La parution ce mois de mars 2018 de l’anthologie Poésie syrienne contemporaine, réalisée par Saleh Diab pour le Castor Astral, interpelle à maints égards.

On se réjouit d’abord, au vu de la complexité des conflits qui accablent la Syrie depuis des décennies, et qui vont s’amplifiant depuis le Printemps arabe, que la poésie syrienne soit si active, si résolue à faire entendre sa voix. En effet, Saleh Diab recense 27 poètes contemporains « nés d’un père et d’une mère nés ou ayant vécu sur le territoire de la Syrie de l’Indépendance (1947 à 2012), et d’expression arabe », langue « officielle » de la Syrie, excluant ainsi écrits en kurde, en arménien ou en syriaque. L’anthologie est organisée chronologiquement, depuis Khayr ad-Din al-‘Asadi, né en 1900 jusqu’à Saleh Diab lui-même, né en 1967. Les poèmes cités couvrent une période allant de 1947, pour ceux d’Urkhan Mussayar, à 2014, pour ceux de Nazih’Abu ‘Afash, reconnu pour être « le plus lucide de ceux qui ont évoqué le désastre actuel en Syrie ». Cette progression a aussi le mérite de donner à voir l’évolution des pratiques poétiques, qui, ainsi l’expose Saleh Diab, connaît trois formes majeures : la poésie dite « classique », avec respect de la rhétorique et de la prosodie traditionnelles, puis la poésie dite « libre » (reposant sur un nombre d’unités rythmiques), et enfin le « poème en prose », dépourvu de rimes et de mètres.

Au fil des pages, on prend aussi la mesure des orientations qui, structurellement, affectent la parole poétique, selon que la poésie choisisse d’être poésie de la « vision » (nous y retrouvons Adonis, Yusuf al-Khal, Kamal Khir Bik) ou qu’elle préfère accorder la préséance « aux préoccupations de l’homme du commun, à sa contestation de l’ordre établi » (nous y retrouvons alors Mohammed al-Maghout et Nizar Qabbani). Les biographies succinctes établies par Saleh Diab permettent aussi de mesurer à quel point les poètes syriens, déterminés par les vicissitudes qui affectent leur pays du dedans, sont aussi sensibles à ce qui vient du dehors : parmi eux, quantité de traducteurs (Yusuf al-Khal, Nadhir al-Adhlah), journalistes, diplomates (Qabbani, Uman ‘Abu Rishah). Beaucoup aussi ont, faute de pouvoir toujours s’exprimer dans leur pays, expatrié leurs poèmes, comme Adonis ou Mohammed al-Maghout, qui ont rejoint la revue Shi’r, fondée à Beyrouth en 1957, et l’ont profondément marquée de leur empreinte. Quant à la proportion de poètes vivant ou ayant vécu en exil, elle paraîtrait impressionnante si nous n’y avions été, ces dernières années plus particulièrement, sensibilisés par les témoignages militants d’un Adonis, de la regrettée Fadwa Souleimane ou d’une Maram al-Masri…

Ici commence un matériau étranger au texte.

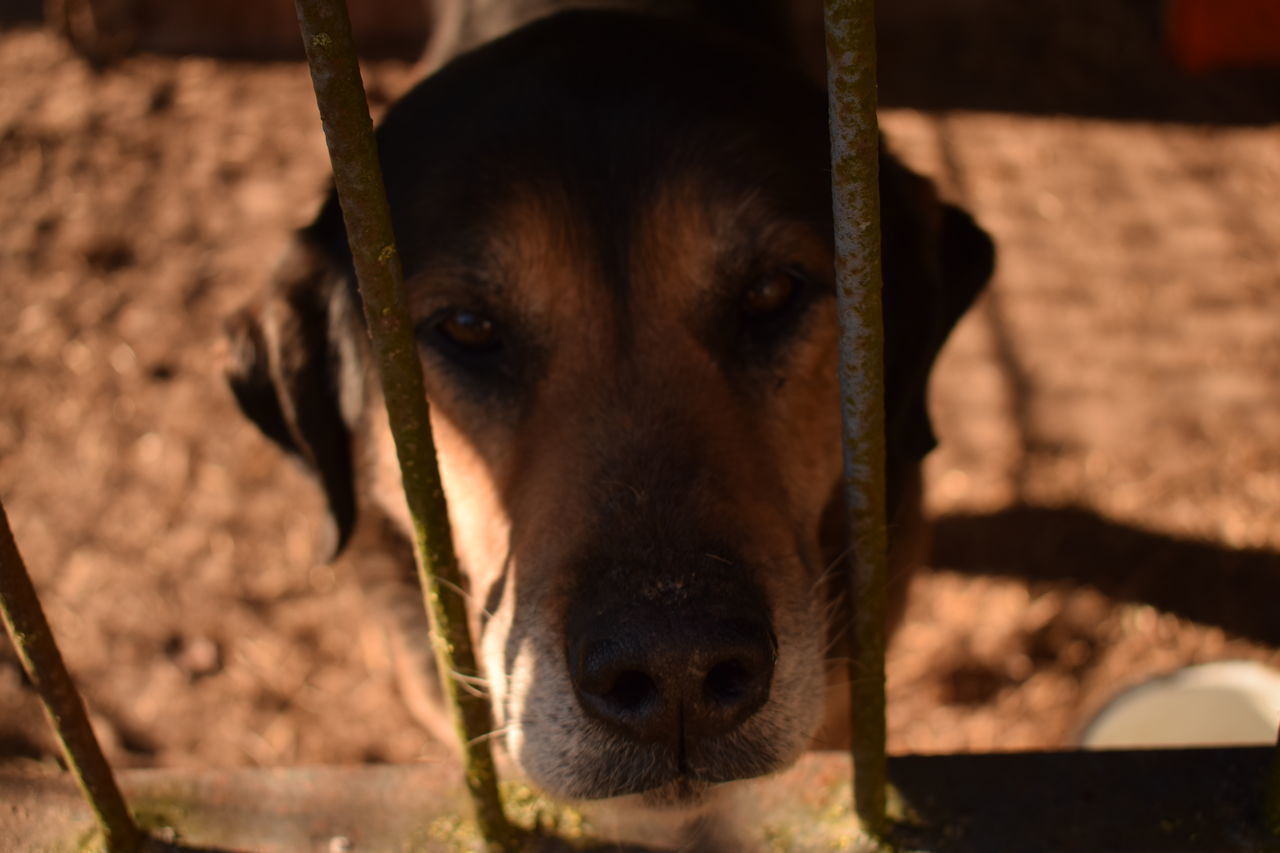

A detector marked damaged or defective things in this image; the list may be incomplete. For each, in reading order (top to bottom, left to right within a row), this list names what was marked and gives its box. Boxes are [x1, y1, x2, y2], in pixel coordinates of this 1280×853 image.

rusty metal bar [0, 494, 144, 845]
rusty metal bar [288, 3, 517, 845]
rusty metal bar [819, 0, 890, 835]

Poésie syrienne contemporaine répond à sa vocation d’anthologie. À défaut (c’est inhérent) d’être exhaustive, elle est à tout le moins éclectique, et a le mérite d’accorder son attention à des poètes que nous ne connaîtrions pas, faute d’avoir jamais eu de traduction à notre disposition (je pense particulièrement à Abd al-Latif Khattab, qui n’a publié qu’un seul livre de son vivant, lequel a été interdit, et dont nous sont offerts des extraits additionnés d’inédits).

2.

Quelques extraits des poèmes-cris figurant dans cette anthologie :

À Nadhur al-Adhmah, qui écrivait en 1957 dans la revue Shi’r : « Le soleil éteint au Levant ne revient pas » fait écho Adonis, dans les Chants de Mihyar le Damascène (1961) :

Je découvre une inflexion et un timbre nasillard propres à notre époque — […]

Époque de soumission et de mirage, époque de marionnettes et d’épouvantails, époque de l’instant dévorant, époque de descente sans fond. […]

Je suis un argument contre l’époque.

Nazih ‘Abu ‘Afash, avec la lucidité méridienne qu’on lui reconnaît, écrivait le 12 avril 2011, soit, dans le flux du Printemps arabe, à peine plus d’un mois après le début du soulèvement contre Assad :

Nous nous acheminons vers le printemps
comme vers une vaste tente funéraire, [ …]
Réjouissez-vous !
Réjouissez-vous et rassurez-vous !
Sous peu
toutes ces fleurs
seront anciennes et pourries.
Voyons, combien de temps devrons-nous attendre
pour assister à la naissance d’un autre printemps ?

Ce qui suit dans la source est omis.